--- Extracted data ---
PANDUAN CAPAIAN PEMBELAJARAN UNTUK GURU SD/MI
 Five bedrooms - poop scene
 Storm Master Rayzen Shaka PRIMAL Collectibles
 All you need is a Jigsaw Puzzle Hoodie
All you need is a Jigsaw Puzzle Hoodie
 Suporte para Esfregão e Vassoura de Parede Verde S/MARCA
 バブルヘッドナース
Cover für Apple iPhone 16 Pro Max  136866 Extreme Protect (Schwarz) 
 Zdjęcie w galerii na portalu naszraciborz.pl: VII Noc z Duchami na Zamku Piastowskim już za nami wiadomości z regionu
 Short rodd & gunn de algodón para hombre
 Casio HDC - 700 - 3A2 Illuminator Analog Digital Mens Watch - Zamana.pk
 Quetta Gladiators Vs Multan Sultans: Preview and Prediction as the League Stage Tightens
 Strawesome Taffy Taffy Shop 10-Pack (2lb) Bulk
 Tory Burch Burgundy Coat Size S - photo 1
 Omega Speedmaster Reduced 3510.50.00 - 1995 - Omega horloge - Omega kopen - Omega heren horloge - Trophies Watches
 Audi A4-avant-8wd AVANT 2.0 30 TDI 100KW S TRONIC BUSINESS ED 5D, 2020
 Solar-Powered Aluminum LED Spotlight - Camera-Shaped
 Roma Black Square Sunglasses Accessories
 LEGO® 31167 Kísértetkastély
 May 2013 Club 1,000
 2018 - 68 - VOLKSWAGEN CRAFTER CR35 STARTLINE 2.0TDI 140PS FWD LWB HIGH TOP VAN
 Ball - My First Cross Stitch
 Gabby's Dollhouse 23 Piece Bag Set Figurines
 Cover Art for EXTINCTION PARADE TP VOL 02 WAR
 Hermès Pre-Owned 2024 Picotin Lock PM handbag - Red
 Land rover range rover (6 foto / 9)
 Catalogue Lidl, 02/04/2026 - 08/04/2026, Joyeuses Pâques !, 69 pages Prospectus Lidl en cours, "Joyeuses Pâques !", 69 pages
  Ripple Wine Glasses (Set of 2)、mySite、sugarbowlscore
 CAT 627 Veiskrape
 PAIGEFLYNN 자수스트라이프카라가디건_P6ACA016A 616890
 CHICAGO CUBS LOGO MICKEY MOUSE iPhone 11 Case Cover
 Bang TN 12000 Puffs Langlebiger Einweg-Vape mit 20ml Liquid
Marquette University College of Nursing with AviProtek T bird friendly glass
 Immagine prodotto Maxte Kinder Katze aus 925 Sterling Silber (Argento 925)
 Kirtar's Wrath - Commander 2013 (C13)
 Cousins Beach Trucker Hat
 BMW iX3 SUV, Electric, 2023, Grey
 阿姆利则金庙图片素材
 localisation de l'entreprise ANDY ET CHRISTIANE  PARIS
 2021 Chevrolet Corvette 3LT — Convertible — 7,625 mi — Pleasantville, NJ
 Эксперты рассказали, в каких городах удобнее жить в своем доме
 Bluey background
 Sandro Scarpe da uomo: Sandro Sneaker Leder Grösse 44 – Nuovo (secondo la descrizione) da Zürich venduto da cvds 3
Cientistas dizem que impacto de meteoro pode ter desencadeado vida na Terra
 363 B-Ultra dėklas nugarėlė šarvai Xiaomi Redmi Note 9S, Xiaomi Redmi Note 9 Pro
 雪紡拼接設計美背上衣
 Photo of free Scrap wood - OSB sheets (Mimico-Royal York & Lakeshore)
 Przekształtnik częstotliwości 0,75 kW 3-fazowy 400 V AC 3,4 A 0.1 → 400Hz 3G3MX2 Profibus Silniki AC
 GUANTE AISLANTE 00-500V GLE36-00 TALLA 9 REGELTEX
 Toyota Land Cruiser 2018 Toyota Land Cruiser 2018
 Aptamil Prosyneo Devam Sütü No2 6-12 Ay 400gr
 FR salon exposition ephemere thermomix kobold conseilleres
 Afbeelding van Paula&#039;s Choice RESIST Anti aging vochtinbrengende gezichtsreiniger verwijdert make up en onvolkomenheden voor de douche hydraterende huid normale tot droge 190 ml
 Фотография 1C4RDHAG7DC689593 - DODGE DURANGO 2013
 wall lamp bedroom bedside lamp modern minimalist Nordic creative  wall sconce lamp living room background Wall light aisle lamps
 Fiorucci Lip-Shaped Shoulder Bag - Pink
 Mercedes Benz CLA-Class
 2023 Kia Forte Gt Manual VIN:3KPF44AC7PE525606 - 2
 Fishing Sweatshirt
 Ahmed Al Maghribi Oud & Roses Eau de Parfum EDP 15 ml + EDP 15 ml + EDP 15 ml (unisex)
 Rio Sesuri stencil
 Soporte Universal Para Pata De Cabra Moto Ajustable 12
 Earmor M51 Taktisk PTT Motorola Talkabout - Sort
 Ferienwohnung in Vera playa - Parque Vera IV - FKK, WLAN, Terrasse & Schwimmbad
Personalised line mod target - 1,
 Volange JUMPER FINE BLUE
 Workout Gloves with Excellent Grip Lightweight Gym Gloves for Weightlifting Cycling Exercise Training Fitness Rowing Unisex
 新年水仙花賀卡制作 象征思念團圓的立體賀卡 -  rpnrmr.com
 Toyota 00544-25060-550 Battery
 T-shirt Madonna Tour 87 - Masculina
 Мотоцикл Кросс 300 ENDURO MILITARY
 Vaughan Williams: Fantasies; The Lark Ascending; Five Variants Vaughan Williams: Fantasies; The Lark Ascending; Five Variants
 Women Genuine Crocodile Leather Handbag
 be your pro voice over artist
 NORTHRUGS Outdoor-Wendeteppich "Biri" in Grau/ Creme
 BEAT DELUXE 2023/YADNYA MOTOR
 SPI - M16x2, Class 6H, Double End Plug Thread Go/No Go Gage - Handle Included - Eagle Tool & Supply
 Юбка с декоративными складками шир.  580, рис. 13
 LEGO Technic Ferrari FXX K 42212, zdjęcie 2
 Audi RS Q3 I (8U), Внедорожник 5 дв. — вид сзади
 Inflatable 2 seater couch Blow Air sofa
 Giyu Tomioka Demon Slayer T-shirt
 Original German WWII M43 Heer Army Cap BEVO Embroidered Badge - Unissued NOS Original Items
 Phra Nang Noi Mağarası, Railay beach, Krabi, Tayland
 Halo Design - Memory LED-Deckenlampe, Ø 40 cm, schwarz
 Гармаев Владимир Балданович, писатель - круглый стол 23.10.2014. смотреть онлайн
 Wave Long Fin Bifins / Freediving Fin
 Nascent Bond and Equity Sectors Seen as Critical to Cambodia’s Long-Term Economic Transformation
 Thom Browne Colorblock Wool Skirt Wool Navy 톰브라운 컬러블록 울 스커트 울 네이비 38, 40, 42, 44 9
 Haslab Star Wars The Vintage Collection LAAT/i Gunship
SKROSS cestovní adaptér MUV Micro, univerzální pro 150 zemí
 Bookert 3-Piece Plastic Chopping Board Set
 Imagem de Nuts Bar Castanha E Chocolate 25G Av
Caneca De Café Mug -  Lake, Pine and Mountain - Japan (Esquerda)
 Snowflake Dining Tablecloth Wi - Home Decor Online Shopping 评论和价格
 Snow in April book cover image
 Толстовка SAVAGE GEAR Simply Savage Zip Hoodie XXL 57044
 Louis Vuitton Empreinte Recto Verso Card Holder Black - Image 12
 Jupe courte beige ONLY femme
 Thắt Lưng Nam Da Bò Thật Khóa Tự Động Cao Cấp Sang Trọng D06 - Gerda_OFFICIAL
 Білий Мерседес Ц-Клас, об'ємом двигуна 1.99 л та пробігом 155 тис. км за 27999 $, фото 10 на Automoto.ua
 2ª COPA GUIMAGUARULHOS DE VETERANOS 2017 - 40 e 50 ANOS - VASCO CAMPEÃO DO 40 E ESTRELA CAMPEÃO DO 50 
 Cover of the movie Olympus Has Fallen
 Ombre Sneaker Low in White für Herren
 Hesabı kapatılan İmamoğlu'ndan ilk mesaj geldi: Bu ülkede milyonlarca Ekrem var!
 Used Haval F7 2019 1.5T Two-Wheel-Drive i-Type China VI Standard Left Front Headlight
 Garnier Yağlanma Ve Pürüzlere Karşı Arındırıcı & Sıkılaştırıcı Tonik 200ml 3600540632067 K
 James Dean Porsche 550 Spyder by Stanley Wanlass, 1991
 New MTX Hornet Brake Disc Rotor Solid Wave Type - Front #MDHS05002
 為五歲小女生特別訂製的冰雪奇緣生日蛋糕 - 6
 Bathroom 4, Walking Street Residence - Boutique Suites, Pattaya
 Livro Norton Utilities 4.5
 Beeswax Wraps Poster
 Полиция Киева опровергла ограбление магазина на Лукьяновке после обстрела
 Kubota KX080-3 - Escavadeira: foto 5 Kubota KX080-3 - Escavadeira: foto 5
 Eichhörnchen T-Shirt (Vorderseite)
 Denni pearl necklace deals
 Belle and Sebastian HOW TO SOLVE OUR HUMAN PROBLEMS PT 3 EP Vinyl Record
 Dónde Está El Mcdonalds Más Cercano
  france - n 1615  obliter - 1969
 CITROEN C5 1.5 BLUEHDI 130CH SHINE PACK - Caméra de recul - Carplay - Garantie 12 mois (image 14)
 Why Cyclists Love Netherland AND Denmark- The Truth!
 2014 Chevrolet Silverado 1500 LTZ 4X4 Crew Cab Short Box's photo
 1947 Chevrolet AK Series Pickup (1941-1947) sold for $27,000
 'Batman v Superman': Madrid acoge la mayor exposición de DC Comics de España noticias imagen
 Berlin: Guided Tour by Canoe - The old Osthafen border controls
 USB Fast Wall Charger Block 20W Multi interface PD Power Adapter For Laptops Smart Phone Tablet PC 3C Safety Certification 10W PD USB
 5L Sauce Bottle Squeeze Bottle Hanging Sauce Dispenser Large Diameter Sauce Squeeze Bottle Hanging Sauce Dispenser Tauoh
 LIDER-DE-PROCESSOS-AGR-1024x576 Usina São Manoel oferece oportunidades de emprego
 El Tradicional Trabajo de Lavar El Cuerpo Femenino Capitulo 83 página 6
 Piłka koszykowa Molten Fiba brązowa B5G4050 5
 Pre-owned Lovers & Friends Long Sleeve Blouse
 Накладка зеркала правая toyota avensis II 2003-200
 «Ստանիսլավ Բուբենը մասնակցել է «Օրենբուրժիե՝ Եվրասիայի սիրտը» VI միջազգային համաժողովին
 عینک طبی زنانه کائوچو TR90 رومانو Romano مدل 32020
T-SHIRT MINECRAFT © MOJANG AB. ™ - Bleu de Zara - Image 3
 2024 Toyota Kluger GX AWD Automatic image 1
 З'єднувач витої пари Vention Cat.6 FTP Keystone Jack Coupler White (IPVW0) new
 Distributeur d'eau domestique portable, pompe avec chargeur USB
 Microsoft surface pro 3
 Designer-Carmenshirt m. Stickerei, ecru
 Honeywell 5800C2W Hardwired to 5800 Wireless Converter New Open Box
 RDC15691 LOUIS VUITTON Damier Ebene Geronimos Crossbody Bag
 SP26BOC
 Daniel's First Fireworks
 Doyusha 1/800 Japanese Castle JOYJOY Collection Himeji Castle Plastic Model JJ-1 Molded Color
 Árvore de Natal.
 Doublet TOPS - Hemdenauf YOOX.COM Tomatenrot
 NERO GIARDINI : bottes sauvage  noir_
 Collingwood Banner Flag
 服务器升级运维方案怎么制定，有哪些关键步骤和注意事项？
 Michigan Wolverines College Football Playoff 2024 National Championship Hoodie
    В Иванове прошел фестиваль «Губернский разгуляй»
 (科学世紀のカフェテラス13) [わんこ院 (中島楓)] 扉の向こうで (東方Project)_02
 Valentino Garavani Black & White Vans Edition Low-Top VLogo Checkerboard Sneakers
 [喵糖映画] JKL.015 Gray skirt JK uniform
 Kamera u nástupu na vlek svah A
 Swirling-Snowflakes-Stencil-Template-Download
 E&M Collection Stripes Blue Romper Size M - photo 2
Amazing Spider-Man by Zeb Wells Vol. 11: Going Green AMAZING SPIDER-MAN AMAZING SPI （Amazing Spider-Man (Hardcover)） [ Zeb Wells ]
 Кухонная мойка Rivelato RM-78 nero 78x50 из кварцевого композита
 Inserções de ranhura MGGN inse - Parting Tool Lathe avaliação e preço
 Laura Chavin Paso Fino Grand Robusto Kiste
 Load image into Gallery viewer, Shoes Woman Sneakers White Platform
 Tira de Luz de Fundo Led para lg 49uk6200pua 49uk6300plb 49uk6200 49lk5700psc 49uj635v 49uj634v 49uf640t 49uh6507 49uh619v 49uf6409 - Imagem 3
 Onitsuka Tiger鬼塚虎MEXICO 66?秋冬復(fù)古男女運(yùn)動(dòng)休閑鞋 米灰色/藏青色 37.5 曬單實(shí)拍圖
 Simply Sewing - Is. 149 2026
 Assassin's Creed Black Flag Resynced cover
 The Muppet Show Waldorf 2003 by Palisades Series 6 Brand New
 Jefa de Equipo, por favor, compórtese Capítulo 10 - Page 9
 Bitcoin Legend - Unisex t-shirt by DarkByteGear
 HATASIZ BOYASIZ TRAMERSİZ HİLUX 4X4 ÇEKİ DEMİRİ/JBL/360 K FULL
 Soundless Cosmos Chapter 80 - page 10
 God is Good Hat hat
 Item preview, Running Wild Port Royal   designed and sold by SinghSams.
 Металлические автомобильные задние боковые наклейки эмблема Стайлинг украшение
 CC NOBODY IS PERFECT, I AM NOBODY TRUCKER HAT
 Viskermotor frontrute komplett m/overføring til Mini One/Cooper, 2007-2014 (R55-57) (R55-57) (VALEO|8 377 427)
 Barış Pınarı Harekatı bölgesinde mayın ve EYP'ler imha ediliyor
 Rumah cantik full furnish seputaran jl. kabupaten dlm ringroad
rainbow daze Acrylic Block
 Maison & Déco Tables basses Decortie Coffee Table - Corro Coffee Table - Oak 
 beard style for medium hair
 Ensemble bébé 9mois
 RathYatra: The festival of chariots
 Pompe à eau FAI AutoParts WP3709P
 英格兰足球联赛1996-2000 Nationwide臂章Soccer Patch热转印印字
---
*Required work:* Leave out every line above except those from the line with "Catalogue Lidl, 02/04/2026" up to and including the line with "localisation de l'entreprise", and copy those exactly.

*Solution:*
 Catalogue Lidl, 02/04/2026 - 08/04/2026, Joyeuses Pâques !, 69 pages Prospectus Lidl en cours, "Joyeuses Pâques !", 69 pages
  Ripple Wine Glasses (Set of 2)、mySite、sugarbowlscore
 CAT 627 Veiskrape
 PAIGEFLYNN 자수스트라이프카라가디건_P6ACA016A 616890
 CHICAGO CUBS LOGO MICKEY MOUSE iPhone 11 Case Cover
 Bang TN 12000 Puffs Langlebiger Einweg-Vape mit 20ml Liquid
Marquette University College of Nursing with AviProtek T bird friendly glass
 Immagine prodotto Maxte Kinder Katze aus 925 Sterling Silber (Argento 925)
 Kirtar's Wrath - Commander 2013 (C13)
 Cousins Beach Trucker Hat
 BMW iX3 SUV, Electric, 2023, Grey
 阿姆利则金庙图片素材
 localisation de l'entreprise ANDY ET CHRISTIANE  PARIS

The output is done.